Un autre aspect de cette offensive du gouvernement Sharon est la récente prise en main de la responsabilité des conversions au judaïsme directement par les services du Premier ministre, souligne Matti Friedman dans le Jerusalem Report (9 août 2004). En effet, nombre d'immigrants arrivés de l'ex-URSS ne remplissent pas les critères de judaïté exigés: leur conversion et leur pleine assimilation est donc une question cruciale pour un Etat qui sait que l'un des défis pour son avenir est la question démographique. Or, beaucoup d'immigrants de l'ex-Union soviétique se considèrent comme juifs, même s'ils ne le sont pas d'un point de vue légal.
L'objectif du passage de la responsabilité de la politique des conversions sous l'autorité des services du Premier ministre - décidé le 11 juillet 2004 - a donc pour objectif d'accroître le nombre des conversions parmi les immigrants, explique Friedman. Actuellement, environ 4.000 conversions par an ont lieu en Israël, dont 3.000 d'immigrants éthiopiens descendants de juifs convertis au christianisme.
Selon le nouveau système qui va être mis en place, les conversions continueront de se faire selon les principes du judaïsme orthodoxe, mais certaines des exigences posées jusqu'à maintenant aux futurs convertis par la bureaucratie religieuse seront assouplies: par exemple, on ne demandera plus à une femme souhaitant se convertir d'envoyer ses enfants dans une école religieuse. De même, des adolescentes désireuses de se convertir avaient parfois vu leur demande rejetée parce qu'elles exprimaient l'intention de faire leur service militaire au lieu de s'engager dans le service national non militaire destiné aux jeunes filles orthodoxes: cela aussi devrait changer avec la mise en place des nouvelles structures.
Autre signe des transformations en cours: le ministre de l'Intérieur, Avraham Poraz, a l'intention d'accorder la citoyenneté israélienne à des personnes converties au judaïsme conservateur ou réformé, du moment qu'ils étaient des résidents légaux en Israël au moment de leur conversion (Haaretz, 19 juillet 2004). Jusqu'à maintenant, seules les conversions survenues à l'extérieur d'Israël pouvaient ouvrir l'accès à la citoyennté israélienne, mais pas celles qui avaient eu lieu dans le pays même.
"Nous ne pouvons pas accepter le monopole détenu par les conversions orthodoxes, qui ne peut offrir une réponse à des dizaines de milliers d'immigrants en vertu de la Loi du Retour, qui veulent se joindre au peuple juif, mais n'ont pas l'intention d'observer les commandements", a expliqué Poraz dans une lettre adressée au Procureur général.
Dans un commentaire au sujet de ces développements, publié par le Jerusalem Post (23 juillet 2004), Reuven Hammer - qui appartient au judaïsme conservateur - soutient que la logique dicte d'appliquer les mêmes règles aux convertis en Israël et à l'extérieur d'Israël: si des conversions par des rabbins non orthodoxes en dehors du pays sont reconnues, elles devraient l'être aussi si elles ont été effectuées sur territoire israélien.

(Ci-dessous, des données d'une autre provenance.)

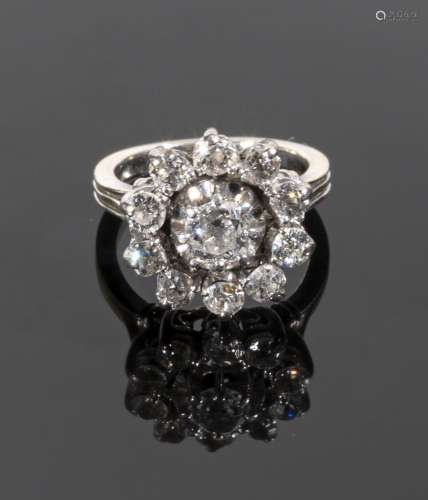 Bague "marguerite" de petit doigt, en or gris 18K ...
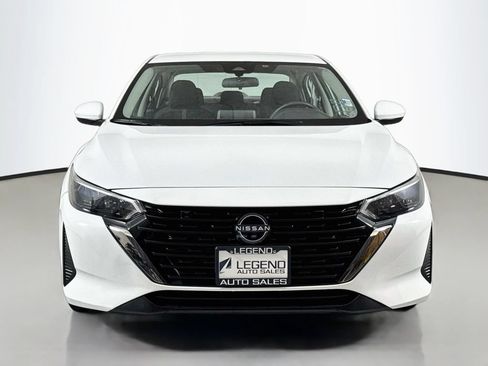 Used 2024 Nissan Sentra SV FWD image 2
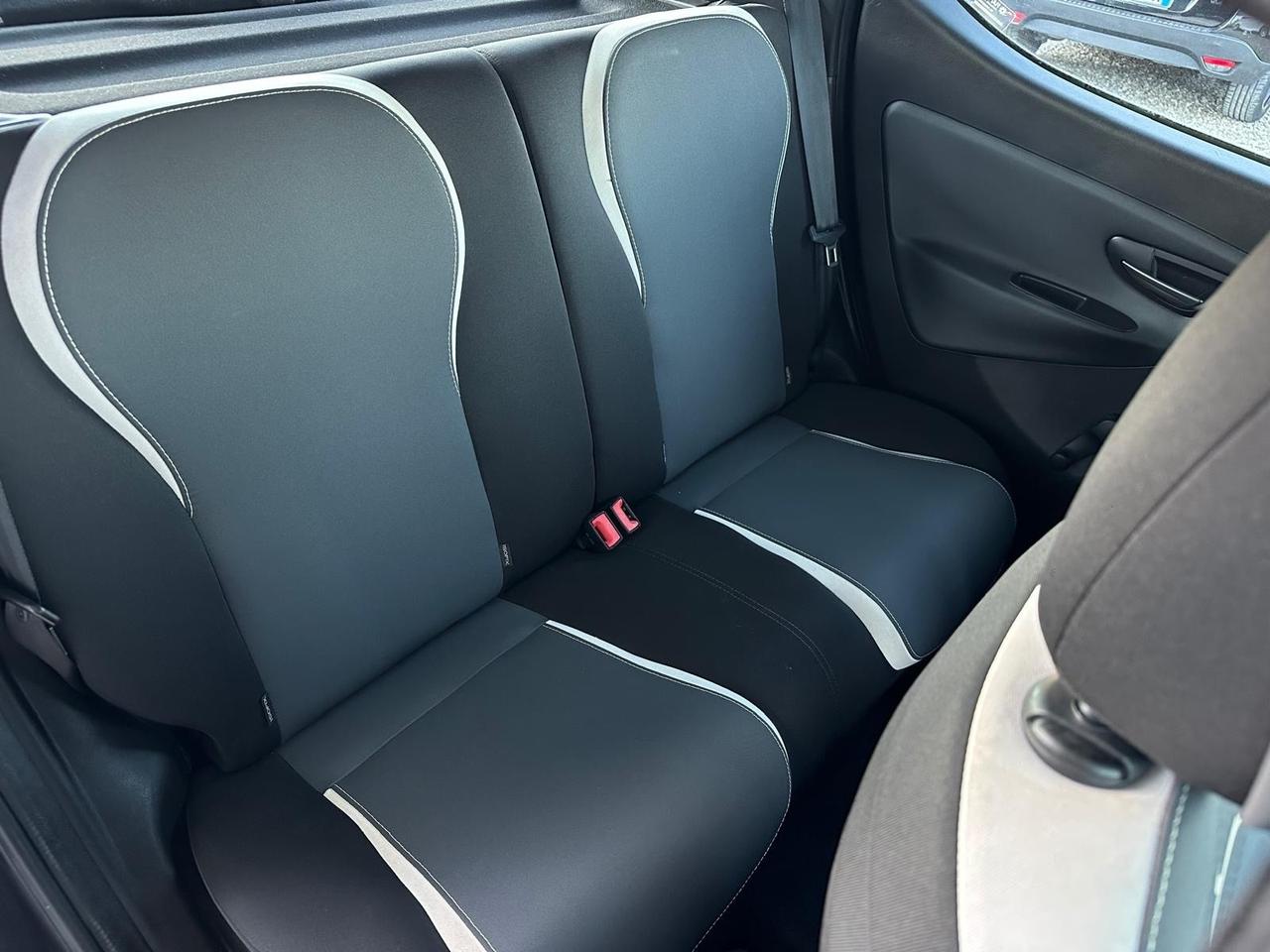 Lancia Ypsilon 0.9 TwinAir 85 CV 5 porte Metano Ecochic Elefantino
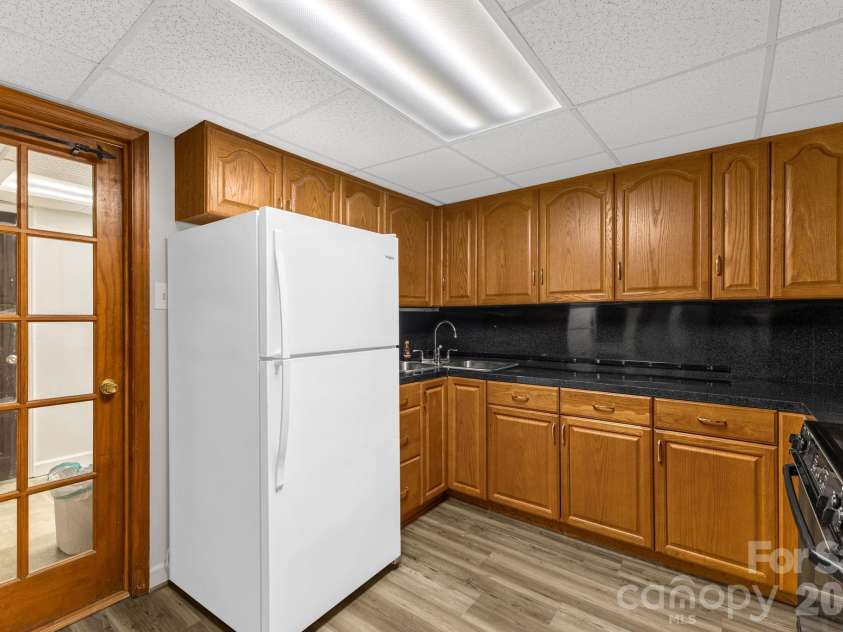3921 Peach Street, Newton, NC 28658.  MLS# CAR4357267, YatesRealty ID 6838. Kitchen basement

Cependant, note Reuven Hammer, ce n'est pas si simple: non seulement la question de l'identité juive continue à faire l'objet de débats, mais le premier ministre Sharon aurait - selon certaines sources - donné certaines garanties aux rabbins israéliens sur la non-reconnaissance des conversions effectuées en Israël sous les auspices de juifs réformés (la branche la plus libérale).
Cela ne présage encore en rien de la décision finale du gouvernement. Mais l'on voit à nouveau se profiler la question des tractations politiques et de leur influence sur la politique religieuse du pays à l'heure où d'importantes décisions à prendre dans d'autres domaines contraindront le gouvernement à rechercher les appuis de différentes formations politiques.